#3 - L'autre fresque du climat
C’est l’autre fresque du climat. Une fresque mûrie et construite pendant dix ans, rendue publique en janvier 2023 en anglais, et voici trois mois en français. Cette fresque n’est ni un jeu de cartes, ni un atelier ludique, ni un moment collectif. C’est un pavé démesuré, une épreuve qui demande d’y passer au bas mot quinze à vingt heures, une expérience qui se vit en solitaire, chacun à son rythme.

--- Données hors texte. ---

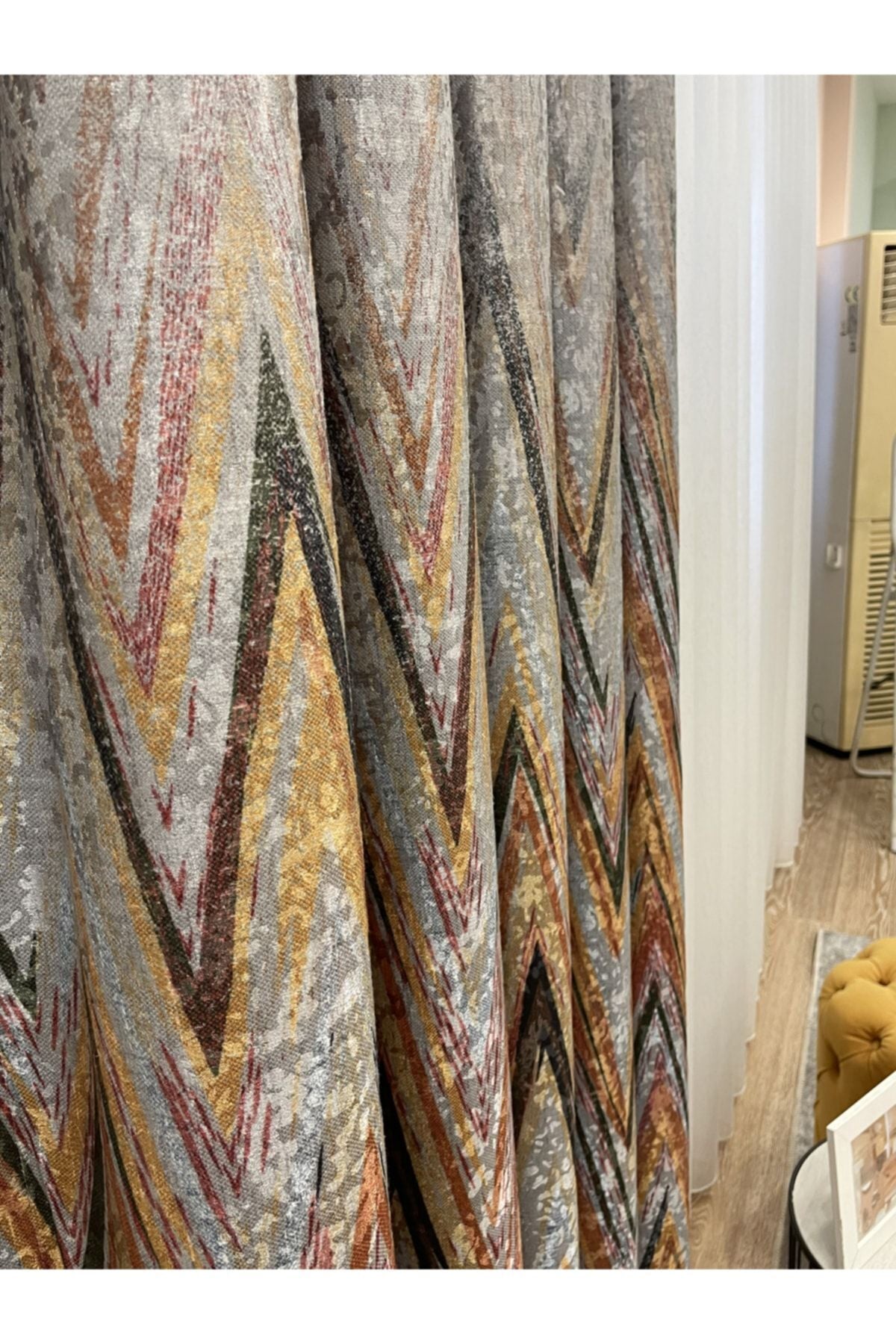 Liva Model 1/2.50 Pleated Blackout Curtain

Concrètement…c’est un roman. Dont le nom donne le ton : Le Déluge. Et si l’on parle d’une fresque, d’ordre littéraire, c’est que le mot colle ici parfaitement. Sur 1000 pages, l’auteur américain Stephen Markley déroule une vaste composition, une épopée politico-environnementale hors-normes : “la traversée ahurissante de trois décennies - la précédente, la nôtre et la suivante - où tout bascule, dans une époque où la démocratie, l’économie, la société et le climat partent en vrille”, pour reprendre les mots de son traducteur, Charles Recoursé.
De 2013 à 2040, l’auteur décrit une société en prise avec le dérèglement climatique, vue à hauteur d’hommes et de femmes - une poignée d’Américain(e)s d’horizons variés.
« La force du Déluge vient de ses personnages : une icône écologiste ambivalente, un scientifique impuissant, des antihéros fascinants », écrit Telerama, qui lui a attribué sa note maximale.
C’est particulièrement vrai pour l’une de ces figures, celle de Kate Morris, « le plus beau personnage, le seul qu’on ne découvre qu’à travers le regard des autres, une militante charismatique dont chaque apparition galvanise le lecteur par sa personnalité hors-norme » (benzinemag.net).
Qu’on ne s’y trompe pas cependant : « omniprésent dès le début et montant graduellement en puissance à chaque décennie, c’est bien le réchauffement climatique qui est le personnage central du roman », observe Le Temps, dont le critique littéraire se dit « subjugué par ce roman, son hyperréalisme, sa crédibilité, sa plausibilité et son ancrage dans nos sociétés actuelles ».
Ce que nous retenons de notre plongée dans Le Déluge
Nous avons tenté l’exercice de sélectionner 5 idées que nous retenons plus spécifiquement de cette lecture (au-delà de ce que nous écrivons dans notre chronique ci-dessus, dont les “deux choix narratifs à souligner”).
Nous les développons (sans spoilers importants sur l’histoire) dans un article dédié, à lire sur ce lien. Les voici en condensé :
1. La force de la fiction pour se projeter et permettre un « transfert de réalité »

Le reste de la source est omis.